The Korea Music Content Association, which operates the Gaon chart, held a proclamation ceremony in Jongno-gu, central Seoul, Thursday, during which it layed out a road map for its renewed K-pop chart, as well as unveiling the brand new name for the chart -- Circle Chart. Gaon Chart, founded in 2010, has operated as the country‘s most recognized music chart and is often compared to the American Billboard charts and Japan‘s Oricon charts.
“Gaon Chart will be renamed to Circle Chart beginning today. The shift is expected to connect K-pop fans around the world with one another. We are hoping the global K-pop chart will establish a bridge to the spread of K-pop’s good influences and to become a K-pop big data hub that can generate more accurate data for the industry,” Choi Kwang-ho, secretary general of KMCA, said during the event.
The association has established global partnership deals with Spotify and Apple Music, as well as YouTube and TikTok since 2020, according to Choi.
With these strategic alliances, the chart operator will be able to legitimately gather a variety of data from the global companies. Previously, it had a limited access to the data provided by the local streaming players such as Melon, Genie Music, Bugs, Flo and Naver’s Vibe, Choi explained.
In addition to yearly and monthly physical album sales data, the reformation will provide weekly physical album sales. The chart also allows users to check on the first-week sale figures of K-pop artists’ physical albums, which was previously only available from a local album sales tracker Hanteo Chart, according to the association’s officials.
The retail album chart on Circle Chart will be separated into two -- accumulated physical album sale figures from home and abroad as well. To usher in the K-pop industry’s moves to reduce environmental pollution, the global chart will create a section that determines the ranking of eco-friendly album productions.
From left: Super Junior‘s Leeteuk, Korea Music Content Association’s secretary general Choi Kwang-ho, pop culture critic Jung Duk-hyun and KDI School of public policy and management’s professor Lee Tae-jun pose for a photo during a proclamation ceremony in Jongno-gu, central Seoul, Thursday. (KMCA)
Since the global K-pop chart was given a new name, the association’s annual Gaon Chart Music Awards has also changed its title to Circle Chart Music Awards. The event is set to take place in January next year. A new award for being environmentally-friendly will be created.
In addition to the KMCA officials, Super Junior’s Leeteuk, pop culture critic Jung Duk-hyun and KDI School of public policy and management’s professor Lee Tae-jun, as well as industry officials from Kakao Entertainment, Spotify Korea, Apple Music and Melon attended the event to share their thoughts and support the chart’s new vision.
Leeteuk, who hosted Thursday’s event, said, “We can look forward to famous global pop artists such as Justin Bieber winning awards at the Circle Chart Music Awards like we had looked forward to BTS’ win at the Grammy Awards.

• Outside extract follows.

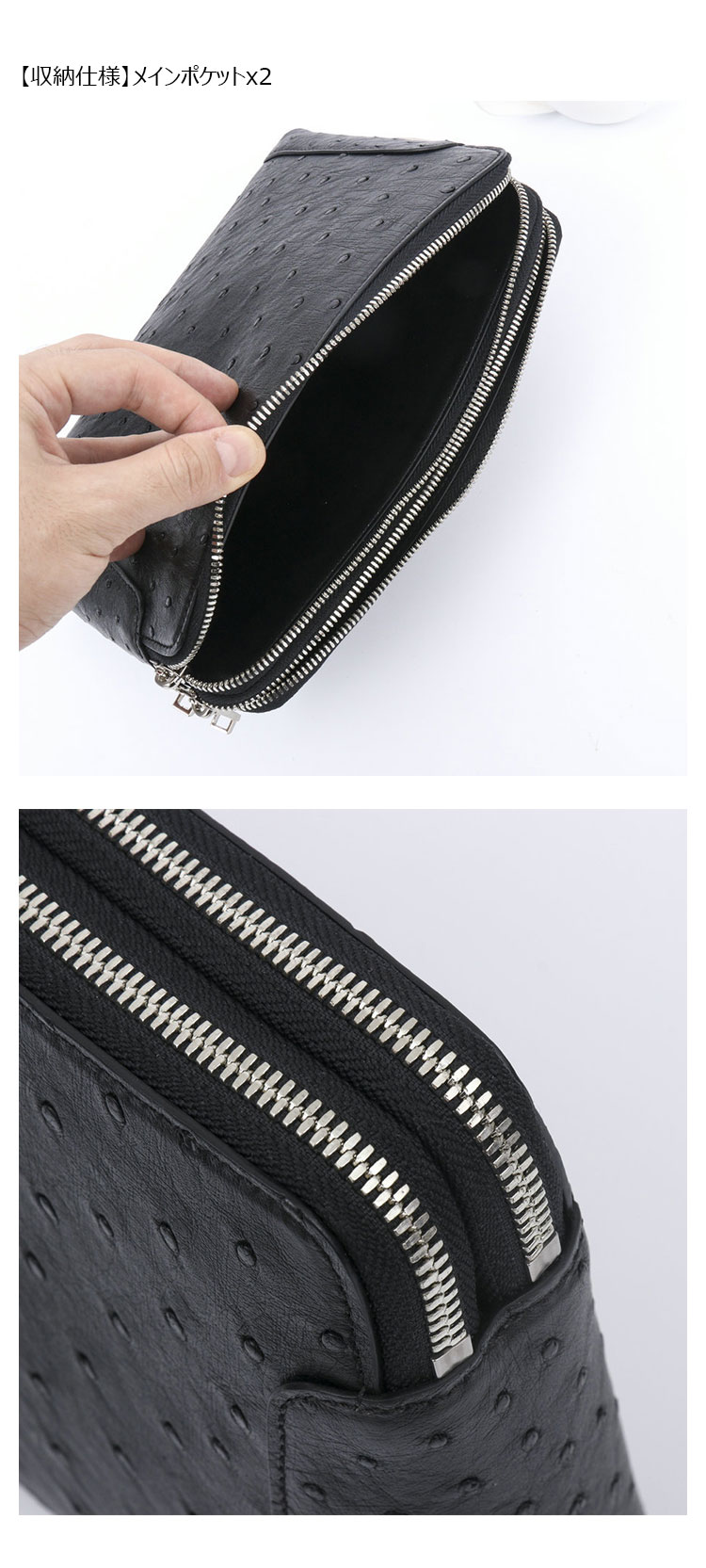 Whatna セカンドバッグ メンズ バッグ クラッチ バッグ 小さい 2室仕切 厚手 本 革 レザー パスワードロックボタン付 結婚式 バッグ フォーマル ビジネス 冠婚葬祭 バッグ 男性用 紳士用 2035T-6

Since there will be a new award for climate change and environmental protection, I‘ll aim for it since I own an electric vehicle.”
“Before I got to know what Circle Chart is about, I cast the doubt on its operation direction because Gaon Chart has already been a stable chart locally. But since K-pop has become a global phenomenon, I have recognized the need for a global K-pop chart, too. ... Now I think the chart’s vision is clear and valuable enough,” Jung said.
Professor Lee added, “Although going carbon neutral is the government’s task to solve, I would like to thank the K-pop industry for its swift action and effort. ... To find effective ways for the better future, we need collective intelligence and to do so, we need data. Beyond the K-pop industry’s innovation and transparency, I believe the effort will give positive influences on other industries.”